Please retype every record below exactly, leaving the pictures out.

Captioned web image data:

┏━━

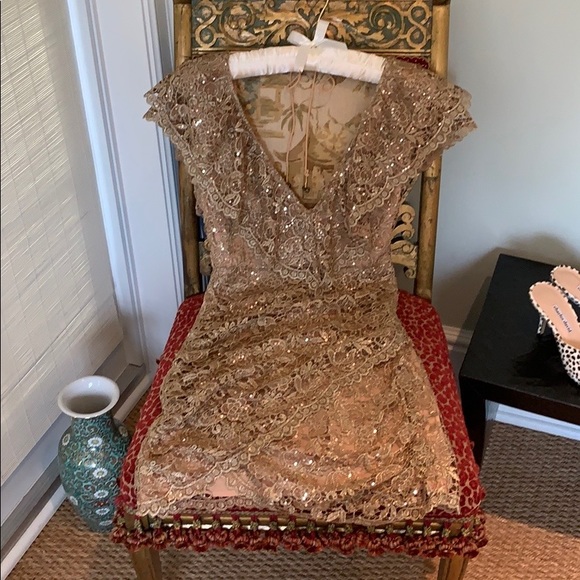 SPELL & THE GYPSY COLLECTIVE NINA SHIFT MINI DRESS GOLD LACE AND SEQUINS - Picture 9 of 16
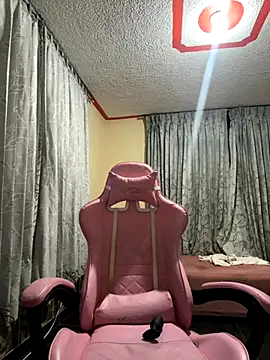 Snapshot of laure_torres chatting on 12, 10, 2025 laure torres online show from 12, 10, 2025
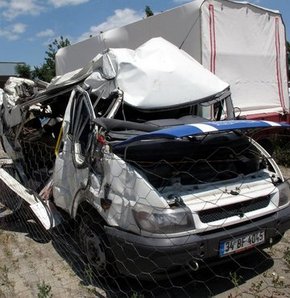 Ağrı'da katliam gibi trafik kazası, AĞRI, TRAFİK KAZASI, 13 ÖLÜ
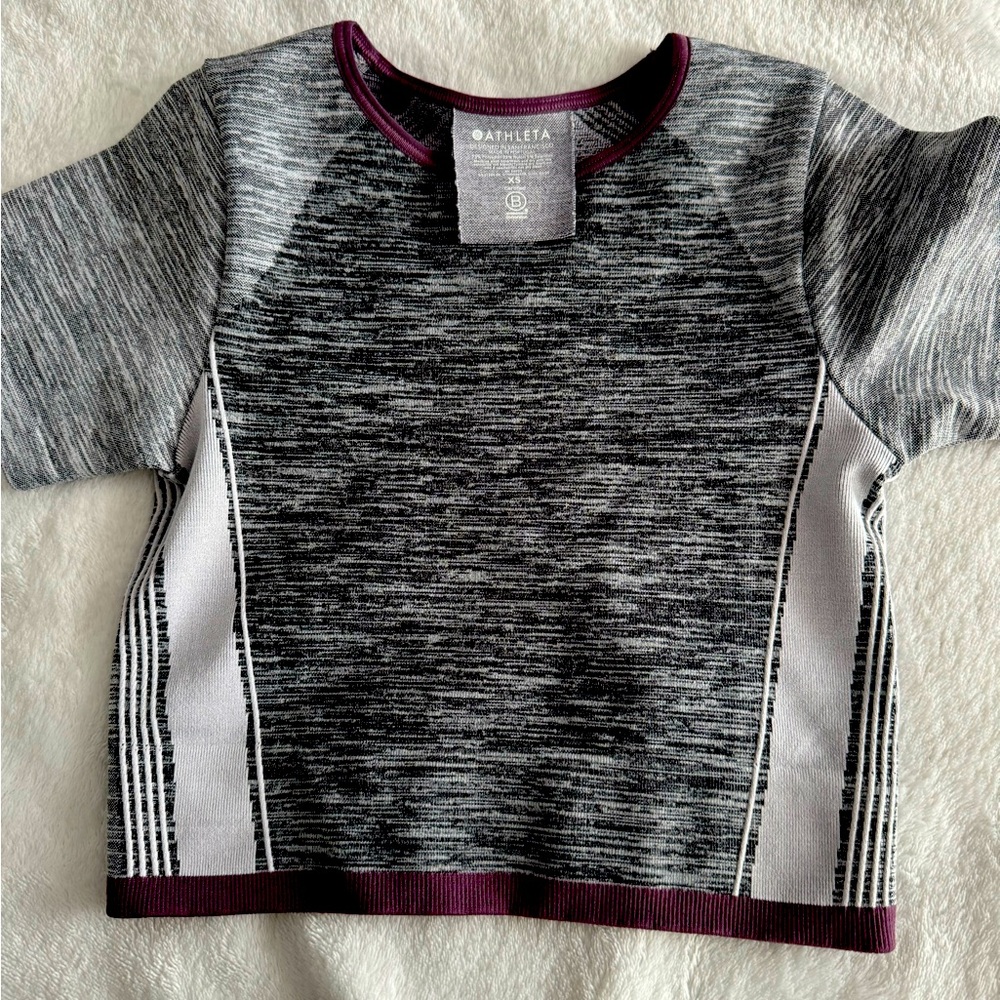 New ATHLETA  Crop Top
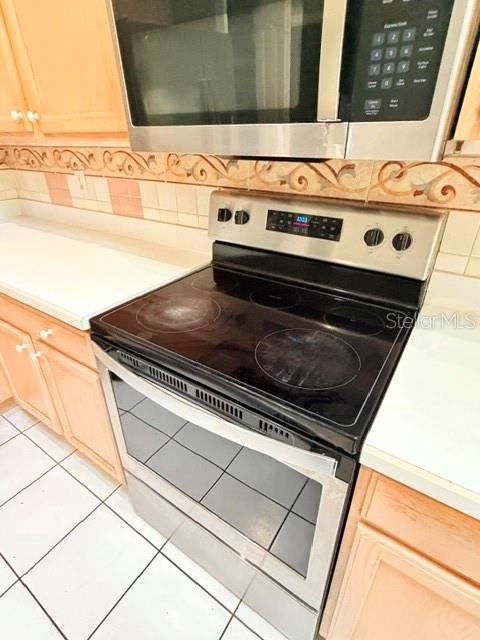 For Rent: $1,850 (3 beds, 2 baths, 1927 Square Feet)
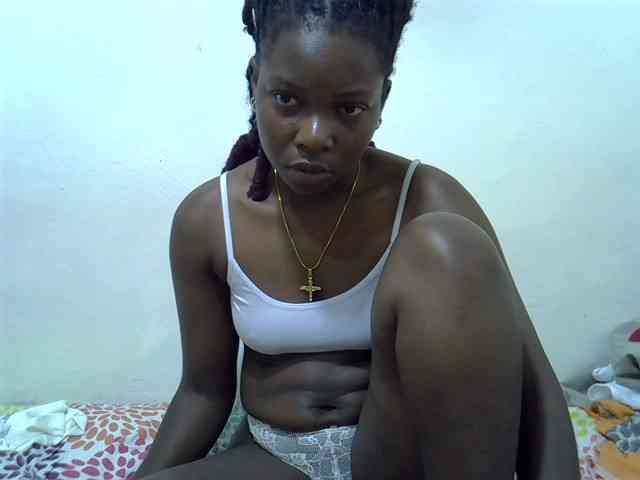 Prettylovie webcam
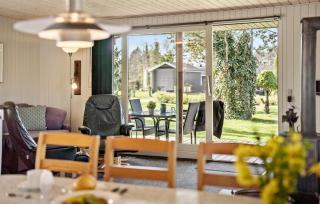 Beautiful Home In Fårvang With Sauna - 4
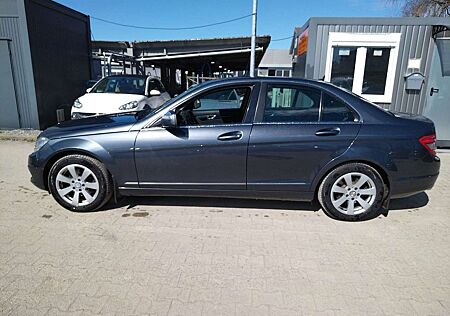 Mercedes-Benz C 200 Lim.Kompressor+NAVI+SHZ+PDC+TEMPOMAT+AHK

┗━━

## Task result
 SPELL & THE GYPSY COLLECTIVE NINA SHIFT MINI DRESS GOLD LACE AND SEQUINS - Picture 9 of 16
 Snapshot of laure_torres chatting on 12, 10, 2025 laure torres online show from 12, 10, 2025
 Ağrı'da katliam gibi trafik kazası, AĞRI, TRAFİK KAZASI, 13 ÖLÜ
 New ATHLETA  Crop Top
 For Rent: $1,850 (3 beds, 2 baths, 1927 Square Feet)
 Prettylovie webcam
 Beautiful Home In Fårvang With Sauna - 4
 Mercedes-Benz C 200 Lim.Kompressor+NAVI+SHZ+PDC+TEMPOMAT+AHK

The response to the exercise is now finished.